Long-standing debates within the counter-trafficking and counter-smuggling space have focused on the ineffectiveness around the definitions used in the Trafficking in Persons protocol which supplement the United Nations Transnational Organized Crime Convention (UNTOC).
However, in a recent article published on Open Democracy, Marika McAdam argues that the legal framework is not flawed.
Instead, McAdam explains that commentators, scholars, and legal experts have a flawed comprehension and application of this specific body of international law.
The transnational organized crime element was so important to drafters of the earlier versions of the trafficking protocol, that it was proposed to limit its scope to only ‘international trafficking.’
LEARN: What is human trafficking?
Yet, today, this very important qualifier is essentially deemed insignificant when interpreted in practice by the United Nations Office on Drugs and Crime (UNODC).

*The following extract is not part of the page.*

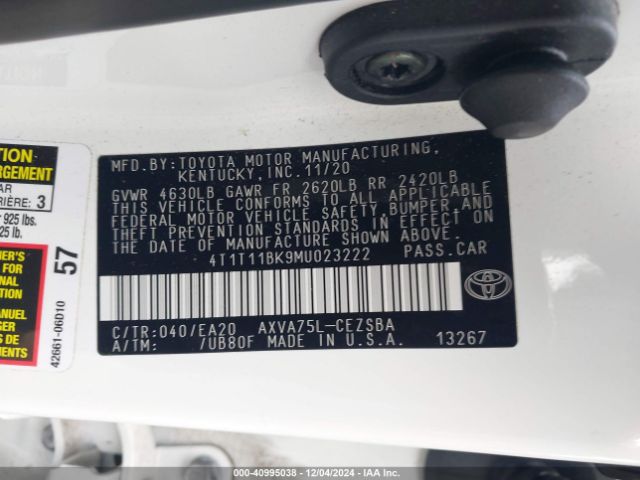4T1T11BK9MU023222 Toyota Camry Se Awd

McAdam writes in Open Democracy:
Legislative guides and model laws explain that ‘transnationality’ and ‘involvement of organized criminal groups’ need not be captured in domestic offences, so that prosecutors are not required to prove these elements in order to secure conviction.
The lack of clarity around interpretations of ‘trafficking of persons’ in international law is further compounded by the use of terms such as ‘exploitation’ and ‘modern slavery’, which McAdam perceives as weakening the level of concern for the serious crime of human trafficking.
Criminal justice responses rarely help when they target desperately poor families with children in domestic servitude, or in places where early marriage is a deeply entrenched cultural practice.
Marika McAdam’s piece reveals that a strong effort against human trafficking lies in effectively using and interpreting existing legal instruments under international law, for what they were intended to address.